EXTRACTED RECORDS Block Start

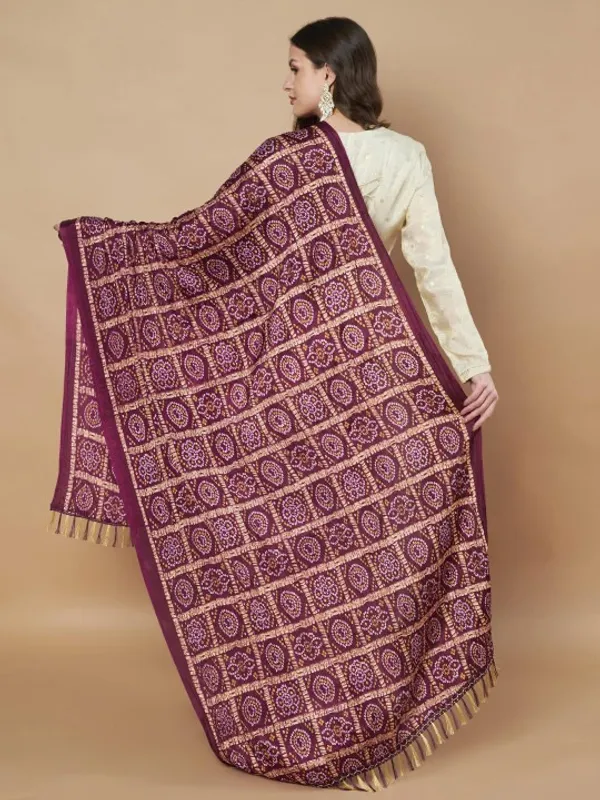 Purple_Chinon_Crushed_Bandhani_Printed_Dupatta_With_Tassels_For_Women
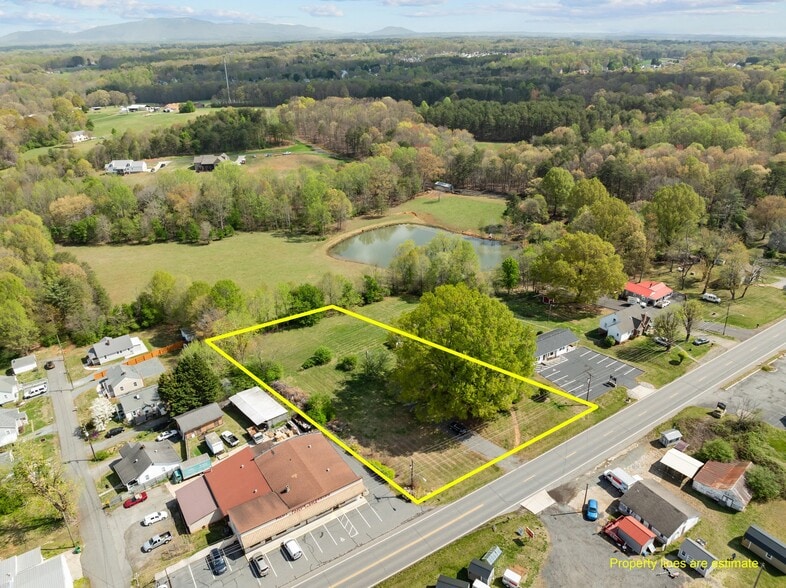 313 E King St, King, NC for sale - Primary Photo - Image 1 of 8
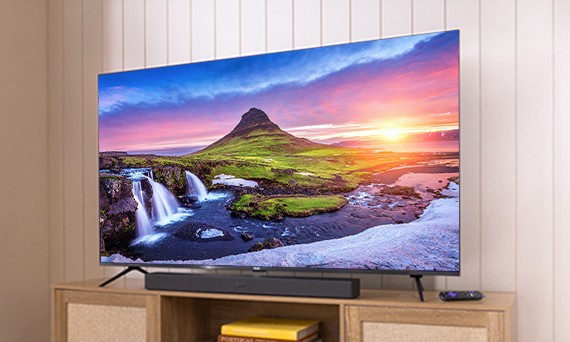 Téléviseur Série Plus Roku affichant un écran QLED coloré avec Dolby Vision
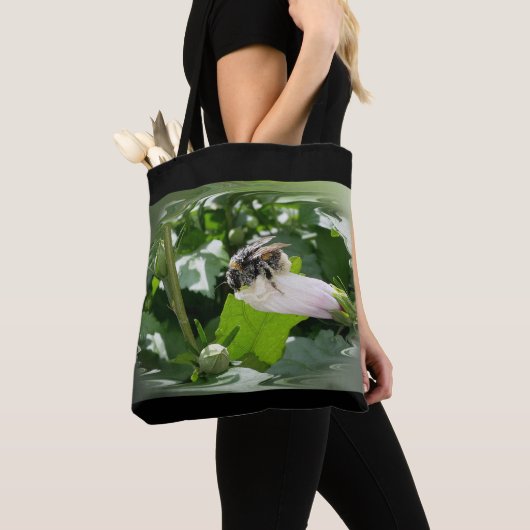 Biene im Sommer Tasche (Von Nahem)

EXTRACTED RECORDS Block End
EXTRACTED RECORDS Block Start

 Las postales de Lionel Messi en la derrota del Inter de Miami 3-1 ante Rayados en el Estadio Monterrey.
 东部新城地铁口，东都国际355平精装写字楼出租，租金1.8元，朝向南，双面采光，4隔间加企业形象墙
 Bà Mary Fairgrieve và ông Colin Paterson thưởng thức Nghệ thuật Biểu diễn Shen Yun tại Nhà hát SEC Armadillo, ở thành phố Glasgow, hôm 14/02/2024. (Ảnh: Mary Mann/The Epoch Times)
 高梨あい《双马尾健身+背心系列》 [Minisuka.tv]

EXTRACTED RECORDS Block End

◆ WORK TASK ◆
Among the records above, a stretch begins at the line containing "Las postales de" and ends at the line containing "高梨あい《双马尾健身+背心系列》 [Minisuka.tv]". Restate that stretch word for word, and nothing else.

◆ OUTPUT FOR THIS TASK ◆
 Las postales de Lionel Messi en la derrota del Inter de Miami 3-1 ante Rayados en el Estadio Monterrey.
 东部新城地铁口，东都国际355平精装写字楼出租，租金1.8元，朝向南，双面采光，4隔间加企业形象墙
 Bà Mary Fairgrieve và ông Colin Paterson thưởng thức Nghệ thuật Biểu diễn Shen Yun tại Nhà hát SEC Armadillo, ở thành phố Glasgow, hôm 14/02/2024. (Ảnh: Mary Mann/The Epoch Times)
 高梨あい《双马尾健身+背心系列》 [Minisuka.tv]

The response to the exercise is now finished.